Site Reliability Engineer II - Remote / WFH

Technical Operations United States

Position at Smarsh

Smarsh empowers its customers to manage the risk and unleash the intelligence in their digital communications. Our growing community of over 6500 organizations in regulated industries counts on Smarsh every day to help them spot compliance, legal or reputational risks in 80+ communication channels, before those risks become regulatory fines or headlines.  Relentless innovation has fueled our journey to consistent leadership recognition from analysts like Gartner and Forrester, and our sustained, aggressive growth has landed Smarsh in the annual Inc. 5000 list of fastest-growing American companies since 2008.

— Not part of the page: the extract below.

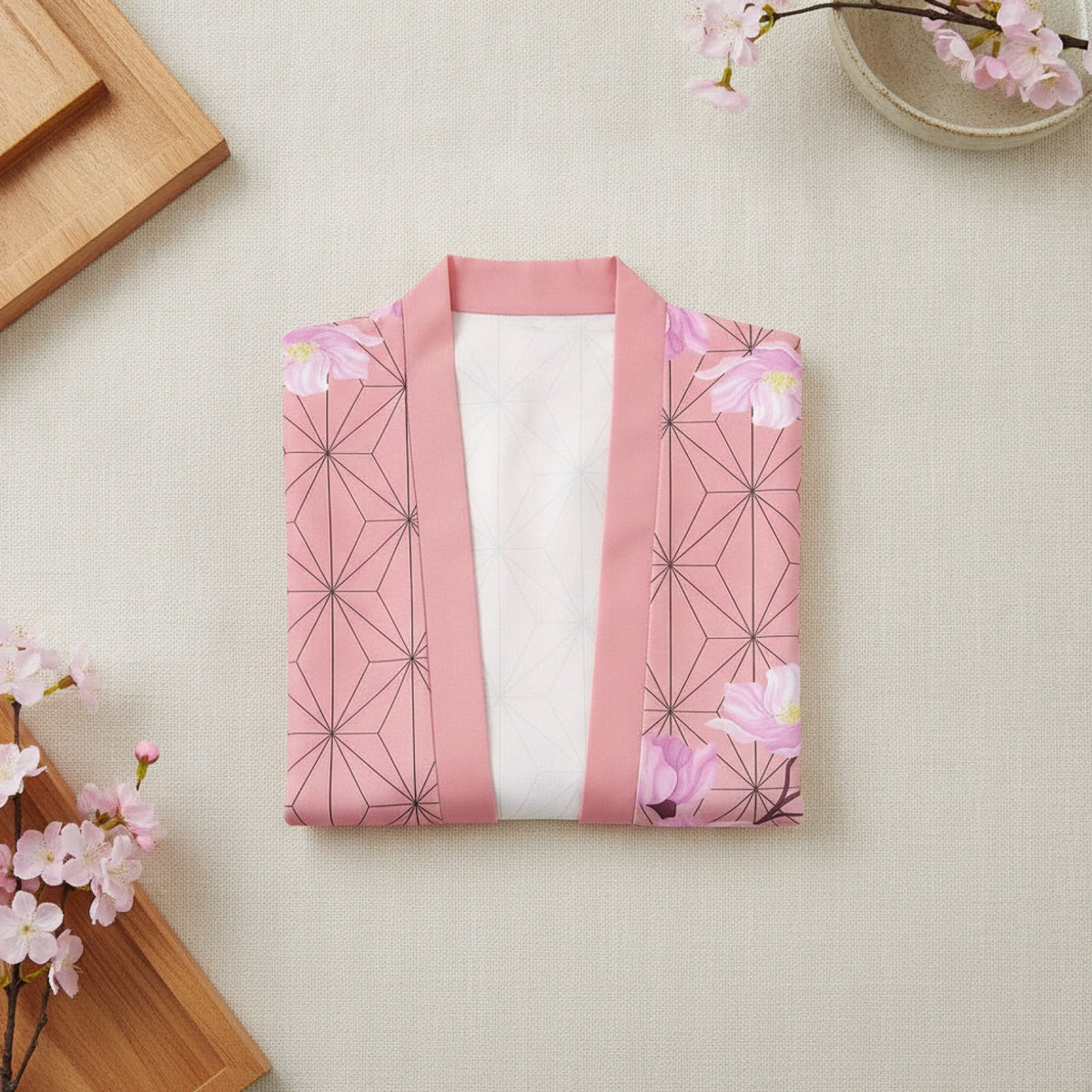 Kimono Court Polyester Style Asiatique "Rose Géométrique"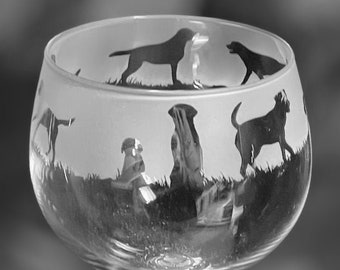 LABRADOR GIN GLASS 70cl Glass Gin Balloon with Labrador Retriever Design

If you are passionate about working with vast amounts of data, obsess over performance and the quality of code, and have a desire grow professionally while having a significant impact on a business, then Smarsh is the right company for you. Our Professional Archive product is constantly growing, and with that growth, we are rapidly expanding our teams to increase our rate of innovation and ensure an excellent customer experience. This product ingests data from our customers 24/7, and working here, you will have exposure to dealing with over 20PBs of raw data, database tables and Solr indexes with 10s of billions of records, and an ingestion pipeline for data that is able to process thousands of communications per second.

The right engineer for Smarsh is someone who views their code as more than simply completing a story and pushing up a unit of work; we are looking for engineers that are passionate about their craft. We foster a culture of learning, collaboration, and knowledge sharing and look for engineers who want to be part of a team where they can learn and grow while also investing in others’ development. We have exciting engineering roles across teams for people who either want to do a mix of everything or for engineers who would rather specialize in areas like legacy code refactoring, performance optimization, cloud native integration, etc.

If you have ever dreamed of making an enormous impact through your contributions or aspired to take on additional responsibilities and grow professionally, then Smarsh would love to have you join us. We are large enough to have the benefits of a big company but small enough that every engineer matters to us.


As a Site Reliability Engineer you will be tasked with daily operations of running the Smarsh SaaS Platform. You will be passionate about uptime metrics, automating away toil, and creating pipelines to help our engineers get code into production. You’ll work closely with our Engineering, QA and Technical Operations group to manage our current on-premise deployments and cloud native infrastructure. Our stack runs on-premise and in the cloud on .NET and Java while using backend components such as MSSQL/MySQL, Redis, Kafka and Zookeeper.

Technical Requirements

  • Strong experience working on a high-volume SaaS application managed with modern Infrastructure-as-Code methodologies/tooling.
  • Experience with container technologies and orchestration platforms (Docker, Kubernetes, Rancher, Cloud Foundry)
  • Experience with running/managing systems and services on a cloud platform (AWS, Google Cloud, Azure)
  • Experience managing and using CI/CD systems (Circle CI, Concourse, Jenkins, TravisCI)
  • Strong experience working with configuration management tools. (Terraform, Ansible, Puppet)
  • Experience deploying and/or operating a centralized logging system (ELK stack or Splunk)
  • Experience working with monitoring and observability tools (We use Datadog and New Relic) 
  • Familiarity with working with relational databases MSSQL or MySQL databases
  • Background working in a multi-platform environment (Linux, Windows)
  • Familiarity with Agile/Scrum/Kanban methodologies 
  • Strong knowledge around of programming/scripting languages (ie. Python, Bash, Powershell, Go, etc.). Software Engineers looking to get into SRE/Devops encouraged to apply.

Core Responsibilities

  • Manage day to day operations of our SaaS on-prem platform ensuring health and performance of platform.
  • Creatively solve problems in the DevOps space, collaborating with Development, DBA, and QA team members
  • Communicate and coordinate effectively with Product, Customer Success and Integration teams on operations tasks and deployments.
  • Listen to our internal customers/teams, understand their pain points, coach/mentor them for working smarter
  • Execute with modern container and cloud native best practices
  • Document decisions regarding technology choices, best practices and process flow
  • Help create and manage continuous integration systems.
  • Mentor and up-level other SRE team members and champion best practices within the team.
  • Automate builds and deployments across multi-platform environments

Additional Requirements

  • Strong interpersonal skills
  • A can-do attitude and sense of urgency for a high growth/fast paced environment
  • Proven track record of owning a complex technical project from inception to completion.
  • BS in Computer Science or equivalent experience
  • Curious mind, wanting to learn new technologies and share with others.
  • The ability to think outside of the box to resolve issues and create long lasting solutions
  • Participation on an on-call schedule

About our culture

Smarsh hires lifelong learners with a passion for innovating with purpose, humility and humor. Collaboration is at the heart of everything we do. We work closely with the most popular communications platforms and the world’s leading cloud infrastructure platforms. We use the latest in AI/ML technology to help our customers break new ground at scale. We are a global organization that values diversity, and we believe that providing opportunities for everyone to be their authentic self is key to our success. Smarsh leadership, culture, and commitment to developing our people have all garnered Best Places to Work Awards. Come join us and find out what the best work of your career looks like.